このソフトは、決して怪しい物ではありません。
むしろ、貴方の生活を快適にします。
これから、ソフトを起動する手順をお伝えします。
まず、アプリを開いて、女子トイレへ行き、奥から三番目の扉を撮影してください。
なお、このアプリを使わないと、スマホどころか、貴方の生活もグッチャグチャになります。
ダディさんより〉 

「ダディさんって誰? ウイルス対策にトイレの写真?」
 迷っていると、警告文が追加されます。

〈あと三分以内に指示通りにしないと、ウイルス感染により、スマホが重症化します。早めの服薬です。ダディさんより〉

「スマホ、換えたばかりなの、壊れたら困る」
 私は、ダディさんの術中に嵌まってしまい、手を上げて教師に許可を求めます。
「先生、トイレに行かせてください」
 やる気の無い数学教師、日馬ティーチャーは、当然のように許可します。
 私は、無関心な教師と生徒が溢れる教室を後にして、トイレへ移動します。

 校舎のトイレは、三階に在ります。
 私は高校に入って二年になりますが、授業中にトイレへ行くのは初めてでした。
 ですが、仕方がありません。今日は健康だけが取り柄の茜が欠席なので、心配の余りムシャクシャしているのです。だから、決して数学教師や数学をバカにしている訳では無く、コサインやタンジェントなんて、意味が解らなくても響きが気に入っています。ルート記号なんて、夢に出て来た事もあるのです。

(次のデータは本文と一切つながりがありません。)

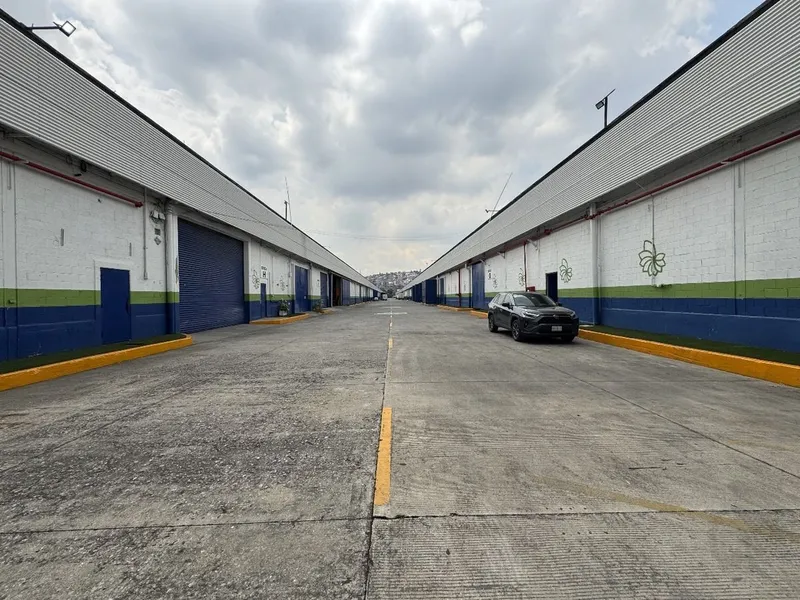 Nave industrial en alquiler · Niños Héroes, Toluca, Estado de México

 さて、授業中の廊下は、何だか異世界に迷い込んだみたいに静かなのです。三階のトイレは、更に静かでした。
 トイレの扉は四つあり、五つ目は細めの用具入れになっています。
 私は、花子さんのアプリを起動して、〈写真を撮る〉を選択します。アプリはスマホの写真機能と連動しているらしく、カメラの画面になりました。
「あれ、私、何をしてんだろ?」
 今頃になって、やっと正気に戻ります。ですが、時既に遅しで、シャッターを押していたのです。

 カシャッ

 静かなトイレに、乾いた音が響きます。スマホの画面には、トイレのドアが写っています。
 その時、トイレのドアが開き、誰かが出て来ようとしていました。白いふっくらとした手が、ドアの端に写っています。
「え! 写っている?」
 スマホ画面の中のトイレの扉には手が写っているのに、実在のトイレの扉を見ると、何の変化もありません。
 私は、再び画面を見ます。
 そこには、小学生くらいの女の子が、トイレから出て来ていました。彼女は、オカッパ頭で白いシャツを着て、赤いスカートを穿いています。
「嘘、嘘?!」
 再び現実のトイレを見ると、やはり変化は無く、女の子はスマホ画面の中だけに存在するのです。
「うわぁ、これがウイルスじゃないの?」
 私が叫ぶと、少女が言い返してきました。
「誰がウイルスだぁ? 呪うぞ!」
 花子さんは、愛らしい小学生のクセに目付きが鋭いのです。顎を四十五度の角度に引き、顔の角度も四十五度で上目遣いな上、白目に浮かぶ小さな瞳が、常軌を逸する怖さなのです。

 私は、メンチを切られて恐怖を感じます。
 しかも、スマホが手から離れず、投げ捨てる事も出来ない。と、言うより、金縛りにあったかの様に動けません。
 脚はガクガクと震え、心臓は暴れ回り、血の気が失せています。
「お願いします。呪わないでください。殺さないで!」
 尿漏れしそうな雰囲気でお願いすると、花子さんはトラウマ級の怖い顔を普通に戻し、威嚇を中止します。
「あたしゃ、見ず知らずのJKを殺したりはしないよ」
「じゃあ、顔見知りのオジサンは殺すのですか?」
「あんたね、オジサンはJKの対義語じゃないんだよ!」 
「ごめんなさい花子さん。許してください」
「何であたしが花子だと思った?」
 このシチュエーションなら常識でしょう。などと口答えしたかったのですが、花子さんの眼力に恐れをなし、ひたすら許しを乞います。
「すみません。トイレに出没するお化けで小学生の姿なのは、花子さんが定番なんです」 
「ふ~ん、まぁ、花子で良いけど。ところで、あんたの名前は?」
「深町早苗です」
「じゃぁ、早苗って呼ぶわ。早苗、便所は飽きた。移動しろ」
 すっかり主従関係が確立されたようで、私は素直に従います。教室には戻らず、そのまま学校を脱け出しました。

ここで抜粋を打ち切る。